I’ve decided this year is all about contests for me. My goal is to enter one per month and, if I can, more (I’ve entered four so far since the beginning of the year). Should anyone choose to follow me in this plan, you need to get your hands on the Canadian Writers’ Contest Calendar – it’ s magic!
So, I had all kinds of reasons why I was going to do this and I’m going to explore some more deep and meaningful ones in future weeks but, for now, let me tell you about an unexpected updside I’m experiencing.
The joy of submitting.
Oh I love submitting my work. I really, really do. I know some people don’t enjoy this phase but I think that’s ’cause they skip right by the enjoyable part and go straight to the place of ”I might get rejected“. True, yes, very true. In fact, “might” is the wrong word; the right word is “will”.

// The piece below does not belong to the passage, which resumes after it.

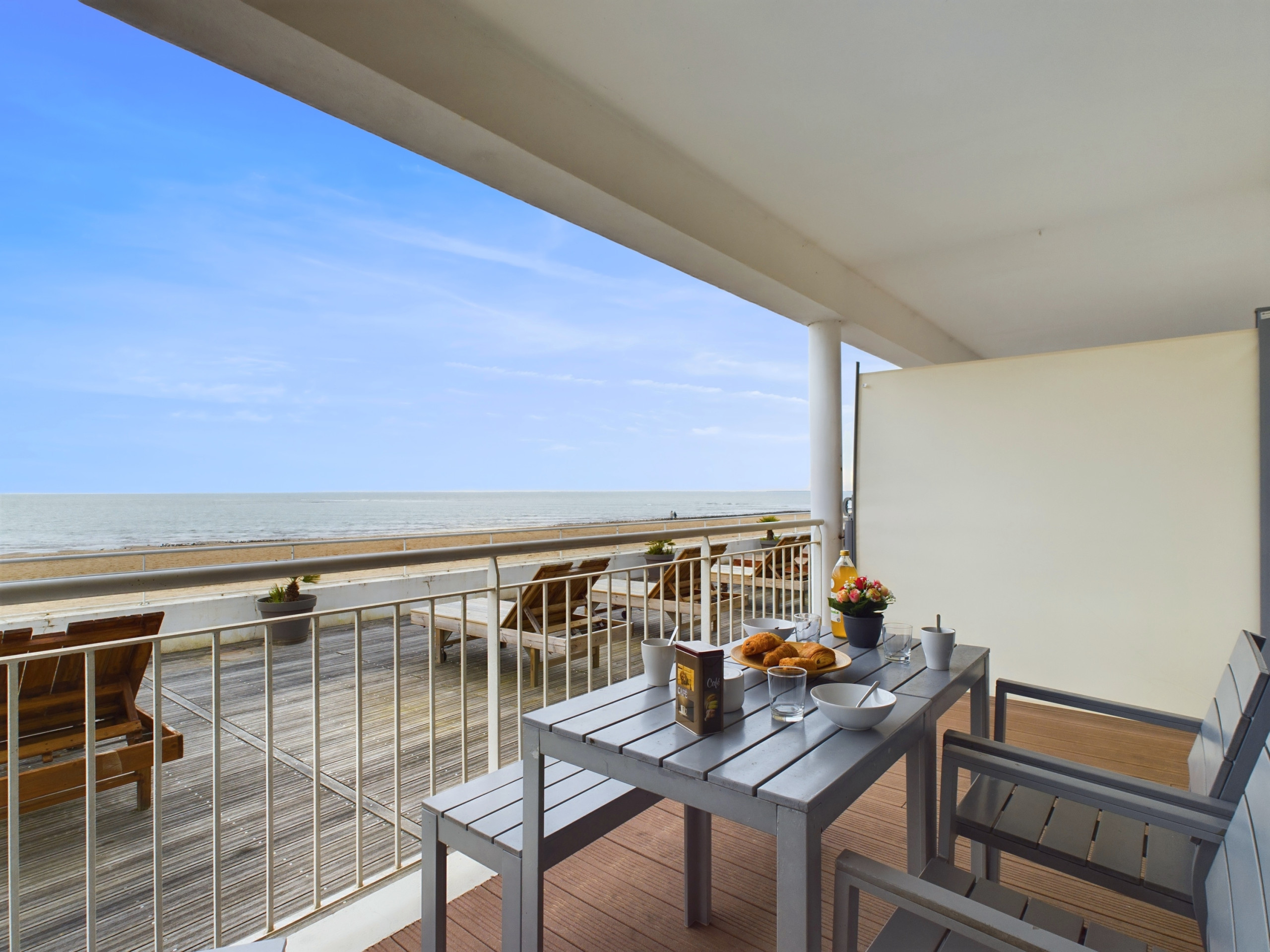  in La Tranche-sur-Mer - Seafront apartment for 6 - Terrace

When submitting, because I know I will get rejected, the only thing to do is keep submitting. You see, every submission is a slice of hope, a piece of promise, a possibility. And the latest one is always the strongest so, as long as I keep submitting, the sting of being rejected on my older and less shiny and less exciting submissions is considerably dulled. “It doesn’t matter,” I think, “Because I just popped a new envelope in the mail yesterday! Ha-ha!”
One of the things I do to make money (unlike all the above-mentioned submissions which, in the fiction realm, have yet to earn me ANY money), is to write these things called BCRs. A BCR is a Biographical Career Report, usually running about 50 pages once complete, in which I analyze a client and try to figure out what makes them tick, what motivates them, what keeps them working.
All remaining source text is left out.